Realisasi penerbitan utang tersebut terdiri atas penerbitan Surat Berharga Negara (SBN) secara neto Rp 75,3 triliun atau 7,6% dari target. Realisasi tersebut turun 78,4% dari realisasi periode yang sama tahun lalu.
Meski begitu, kondisinya berkebalikan untuk penarikan pinjaman. Tahun lalu, realisasi pinjaman secara neto tercatat minus Rp 16,8 triliun, sementara tahun ini tercatat positif Rp 15,7 triliun. Ini berarti penarikan pinjaman baru pada lima bulan pertama tahun ini lebih besar dibandingkan pembayaran pinjaman, kebalikan dari tahun lalu.

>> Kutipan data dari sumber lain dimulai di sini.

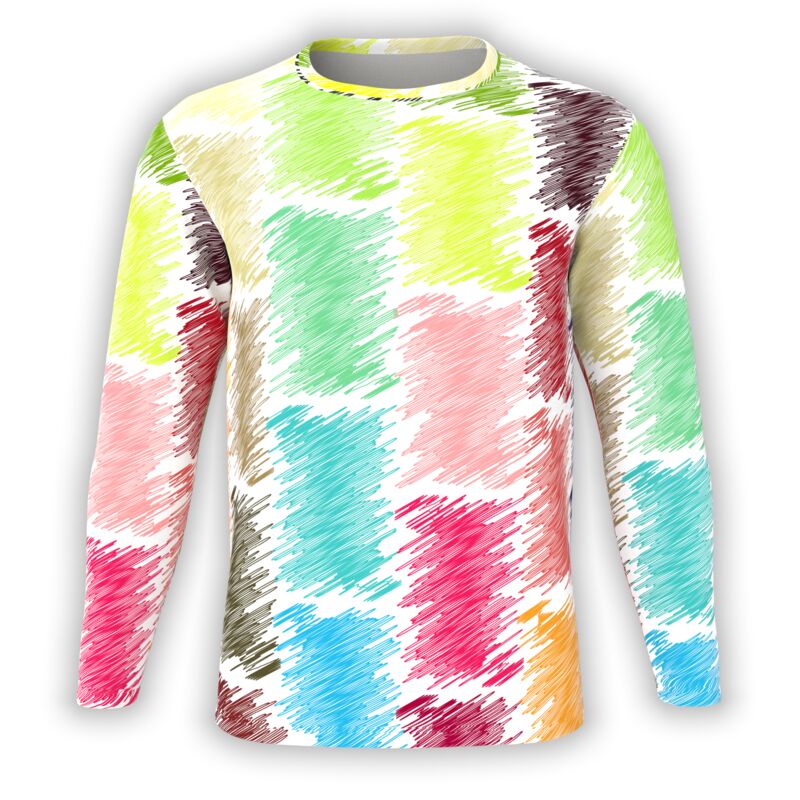 Multicolor Block Scribbles Long Sleeve Thumbnail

Di sisi lain, penurunan signifikan pada penerbitan SBN secara neto mendorong pembiayaan utang dalam APBN secara keseluruhan turun lebih dari 70%. Kondisi ini menurutnya menjadi indikator bahwa keuangan negara semakin sehat di tengah meningkatnya tekanan global.

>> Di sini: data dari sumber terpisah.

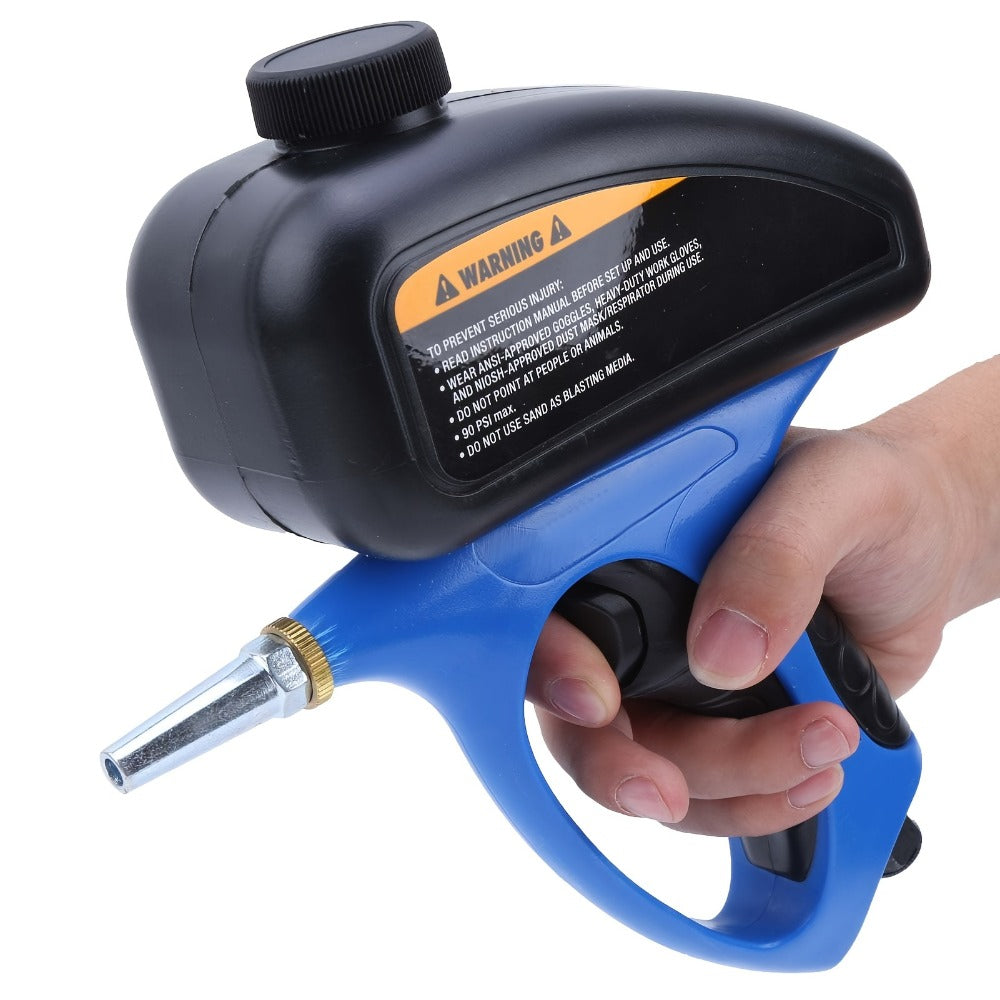 Sandblaster Gun for Air Compressor Pneumatic Abrasive Blasting ¨C 90 PSI Max, 500ml Tank, Small Nozzle, for Metal Rust Removal, Glass Etching, Polishing & Auto Repair ¨C Blue, Red & Yellow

"Keuangan negara terutama APBN bisa sedikit terlindungi dari guncangan-guncangan dengan tren suku bunga yang naik, inflasi naik dan SBN yield kita naik, kalau kita bisa menurunkan issuance maka kita akan makin terlindungi dengan lebih baik," kata Sri Mulyani
Sri Mulyani pun berencana menurunkan target lelang SBN tahun ini. Sebelumnya, ia sempat menyebut pemerintah akan mengurangi issuance hingga Rp 100 triliun tahun ini.
"Kami menggeser global bond secara oportunistik kalau kondisi baik baru kita melakukan penerbitan," kata Sri Mulyani.
Penerbitan global bond yang dikurangi kemudian akan digeser dengan menaikkan penerbitan SBN ritel yang lebih stabil dan dimiliki oleh investor domestik. Ini menurunnya juga jadi salah satu strategi pemerintah untuk menghindari gejolak di pasar keuangan global.
Di samping itu, pemerintah juga masih memiliki sumber pembiayaan dari dukungan Bank Indonesia lewat SKB I. Melalui skema ini, BI telah membeli SBN senilai Rp 32,2 triliun, terdiri atas Rp 17,1 triliun Surat Utang Negara (SUN) dan Rp 15,1 triliun berupa sukuk.